Anybody remember this?


[x]


----------



## Mrdragonballsuper (May 29, 2016)

We can all play it with just using this




But we need a good story teller.


----------



## ❦ Ąƙၥ∼nεε ❦ (Jun 7, 2016)

um is that like the old video game?


----------



## Mrdragonballsuper (Jun 8, 2016)

❦ Ąƙၥ∼nεε ❦ said:


> um is that like the old video game?


No its an rpg book like dungeon and dragons but you can create characters.


----------



## Hollow (Jun 10, 2016)

I see, so it would basically be a DnD in Sailor Moon's universe...
Do you actually have the book or an online version of it somewhere? I'd like to have a look at it if possible.


----------



## Mrdragonballsuper (Jun 25, 2016)

Hollow said:


> I see, so it would basically be a DnD in Sailor Moon's universe...
> Do you actually have the book or an online version of it somewhere? I'd like to have a look at it if possible.

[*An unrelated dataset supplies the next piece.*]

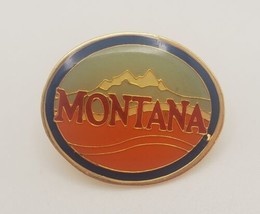 Montana Oval Souvenir Travel Lapel Hat Pin Montana Mountains Pinchback - £13.26 GBP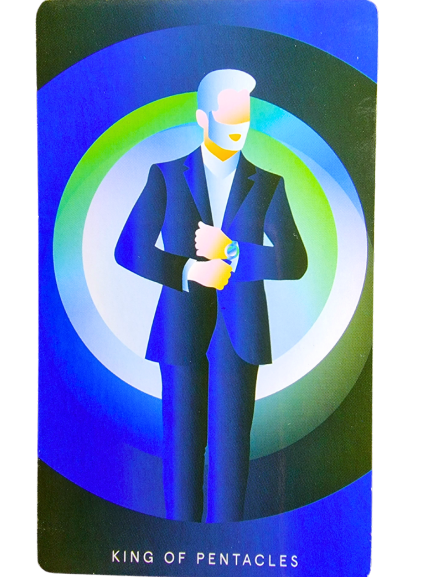 A stylized illustration of a man in a blue suit checking his watch, standing before concentric circles in blue and green. The text at the bottom reads, KING OF PENTACLES from the Mystic Mondays Tarot.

I believe i may still have the book


----------



## Deleted member 198194 (Nov 25, 2016)

@Mider T

Reactions: Like 1


----------



## Mider T (Nov 25, 2016)

afgpride said:


> @Mider T


Just what I was about to look for, thanks!

Reactions: Like 2


----------



## StarlightAshley (Nov 11, 2018)

OMG I LOVE Sailor Moon. That game seems so fun. But I've never played D&D before mabye it would be too hard to learn.


----------